The turning point in Antonio Conte’s first season in charge at Chelsea is an obvious one.
3-0 down at half time against Arsenal at the Emirates Stadium, the Blues boss made a tactical switch which would come to define his title-winning campaign. The much talked-about move to a back three befuddled opponents and saw his team make an unstoppable march to the title with same sense of inevitability as an elephant crushing a wine glass under foot.
This season, there was a similar moment of clarity in a season of ups and downs.

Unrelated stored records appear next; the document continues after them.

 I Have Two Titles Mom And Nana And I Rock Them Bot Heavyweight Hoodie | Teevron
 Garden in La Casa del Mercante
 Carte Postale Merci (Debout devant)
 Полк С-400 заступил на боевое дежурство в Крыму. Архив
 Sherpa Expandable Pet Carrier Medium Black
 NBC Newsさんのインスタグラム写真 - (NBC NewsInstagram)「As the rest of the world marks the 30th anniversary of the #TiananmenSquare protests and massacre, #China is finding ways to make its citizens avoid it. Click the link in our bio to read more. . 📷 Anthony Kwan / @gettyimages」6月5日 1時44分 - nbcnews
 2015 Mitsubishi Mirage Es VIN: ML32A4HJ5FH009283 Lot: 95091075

As the then-champions took on a Manchester City side who had become champions-elect, there was a sense that a torch was being passed by one set of Blues to another. Conte’s men traveled to the Etihad Stadium still alive after a draw in a Champions League last 16 tie first leg at home to Barcelona, but on the back of a defeat to Manchester United at Old Trafford.

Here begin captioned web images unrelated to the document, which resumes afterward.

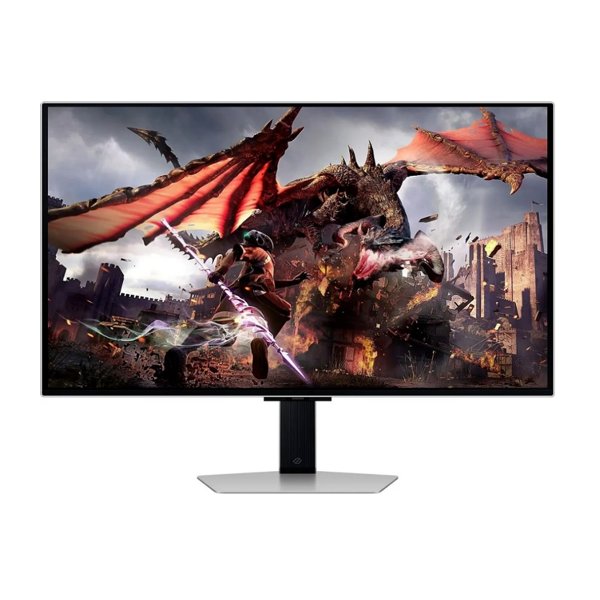 LCD Samsung 32.5" S32DG800SI {OLED curved 3840x2160 240Hz 2xHDMI DisplayPort USB3.0 ММ}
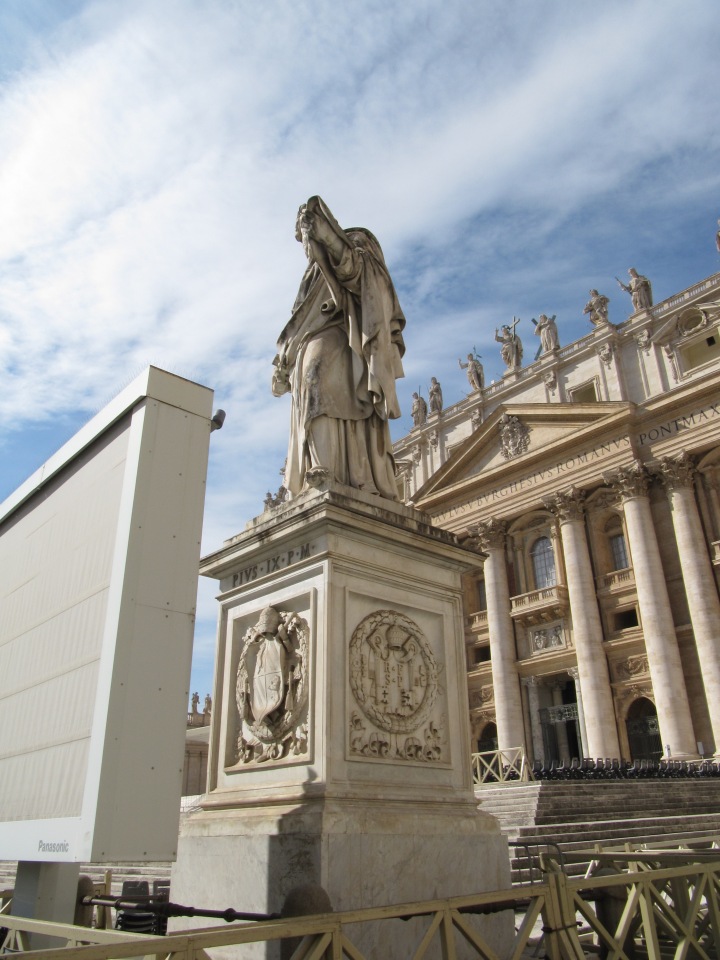 До пандемии. Путешествие по Италии, часть 6 (Ватикан) (фото 10)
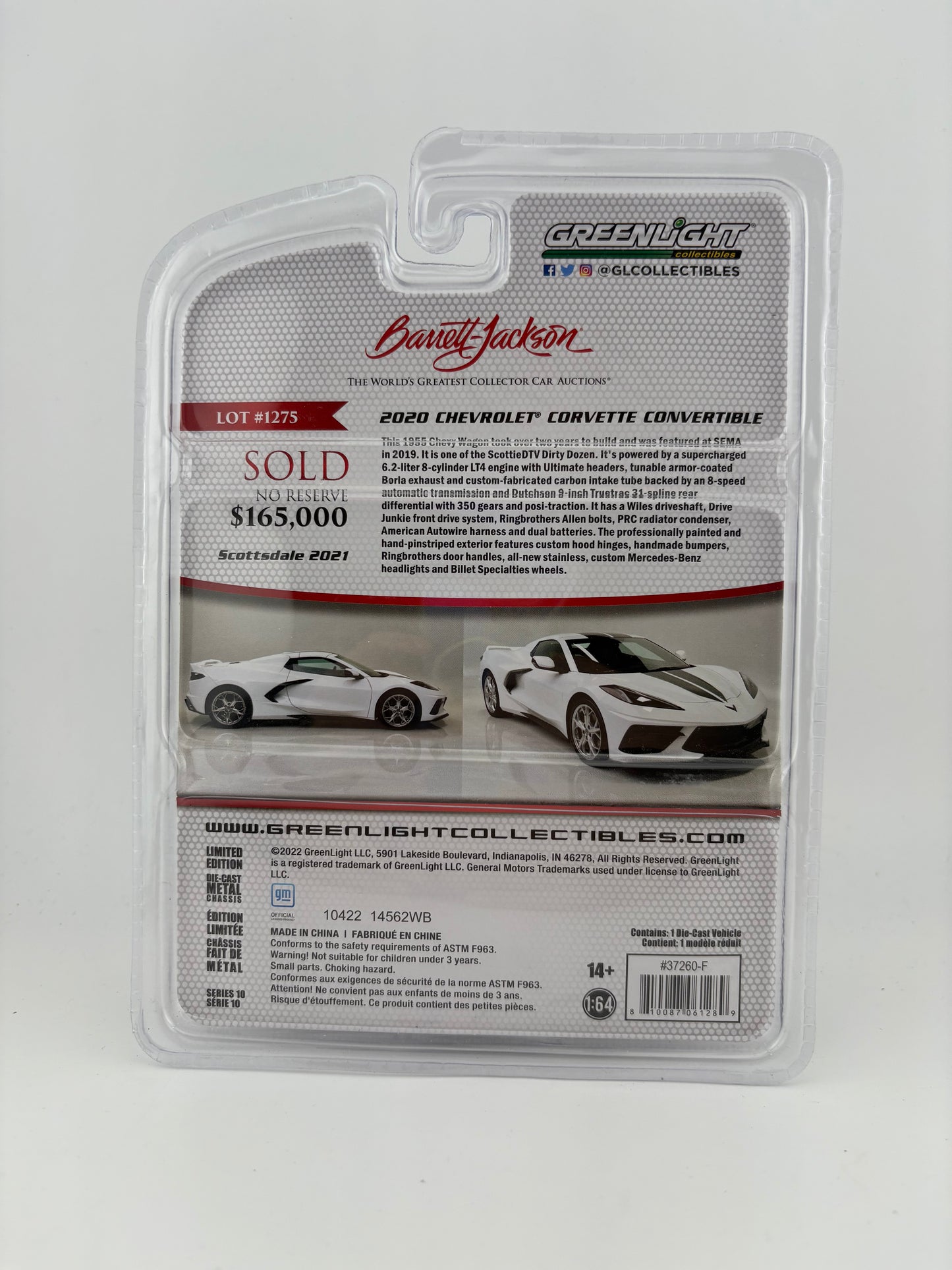 2020 Chevrolet Corvette Convertible – Barrett-Jackson Series 10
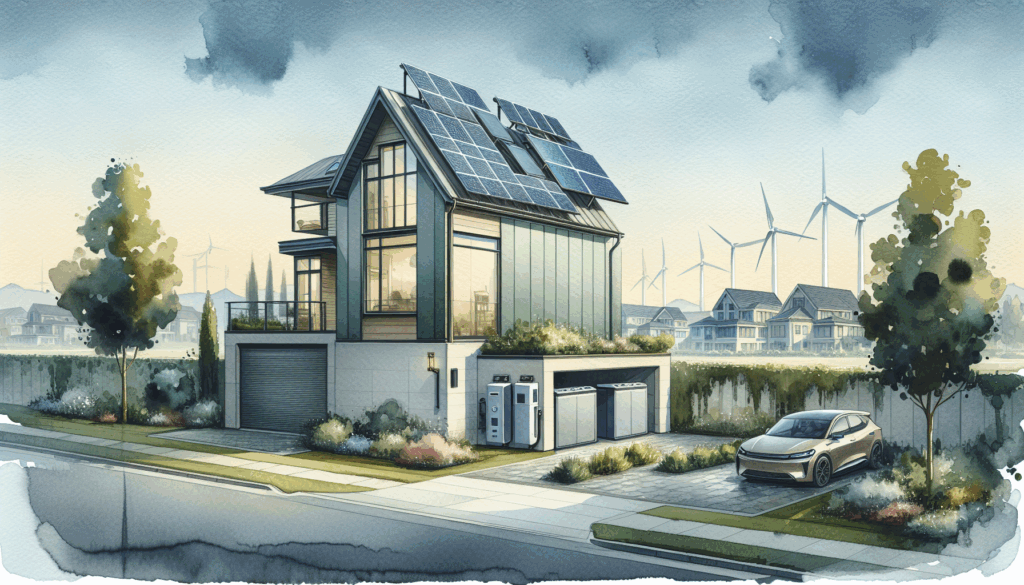 zonnepanelen met thuisbatterij westland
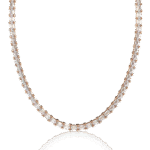 emerald diamond necklace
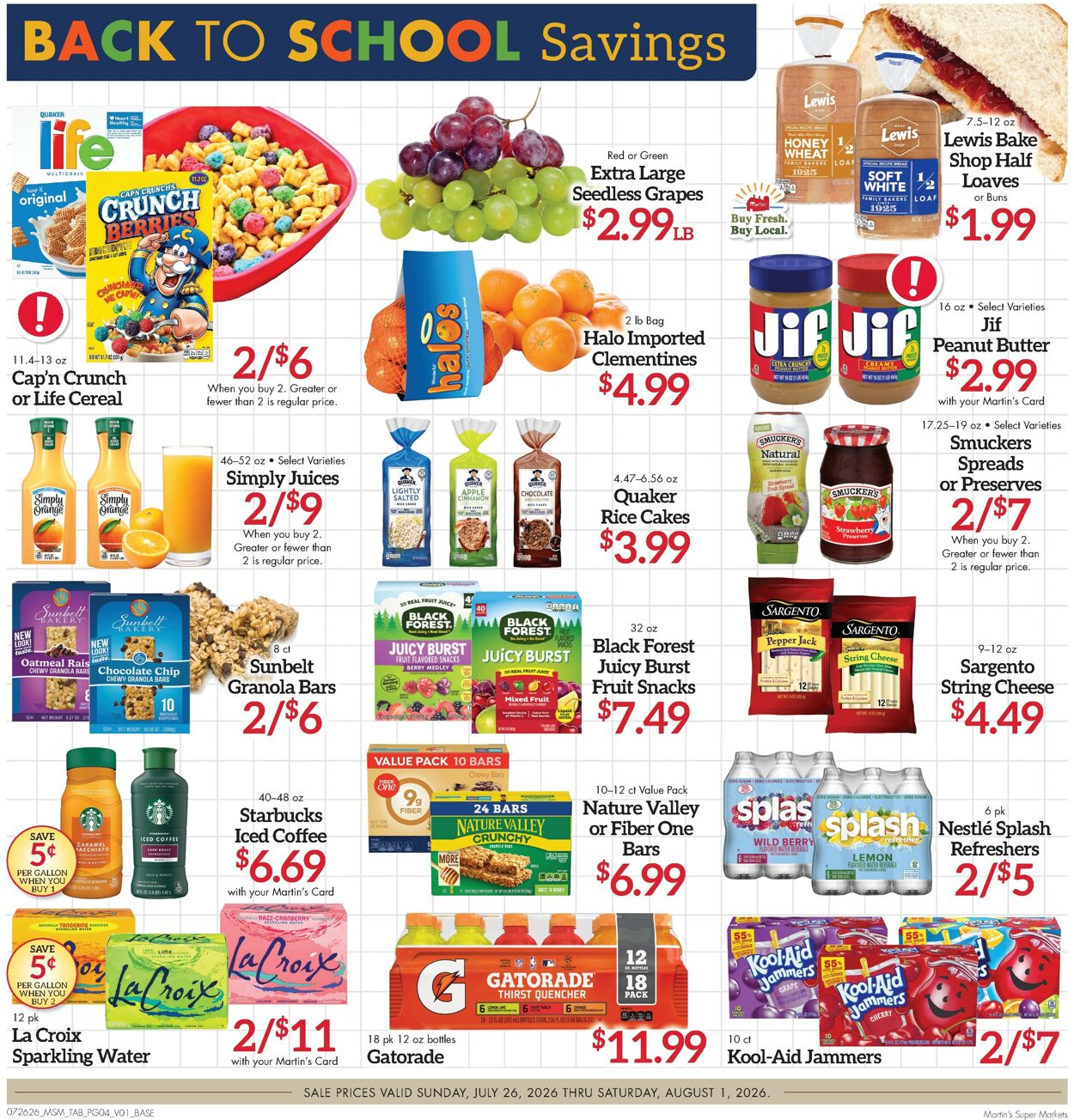 Catalogue Martin’s from 07/26/2026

Victory seemed unlikely at the home of a team who were on the verge of breaking records and still looked on for a treble. Instead, Chelsea’s meek performance was slammed from pillar to post by all of those who looked on in amazement as the champions didn’t even attempt to engage with a side who gained perhaps their most unexpectedly easy win of the season.
It was disappointing for all the obvious reasons: no one wants to see their team effectively surrender, to throw in the towel without even giving it a go. But it was also a let-down in a wider sense, too – if you want to be champions, you should have to prove your worth against the current title-holders. Chelsea let City away without a real test, and even in 2015/16, when the Stamford Bridge side were at arguably their lowest ebb since Roman Abramovich first became involved at the club, that honour was upheld as Tottenham Hotspur were denied the title at the home of the champions. It may not have mattered much to Leicester City’s title win in the end, but Chelsea really felt like gatekeepers that night: Spurs didn’t pass the test.
This season, their meek surrender was this year’s stand-out moment in a way that the second half at the Emirates was last season. Only this time, Chelsea produced a deformed mirror image of their turning point moment, as though Conte’s side had wandered into some dystopian hall of mirrors, a side unrecognisable from before and thoroughly disturbed at the sight of their own reflection.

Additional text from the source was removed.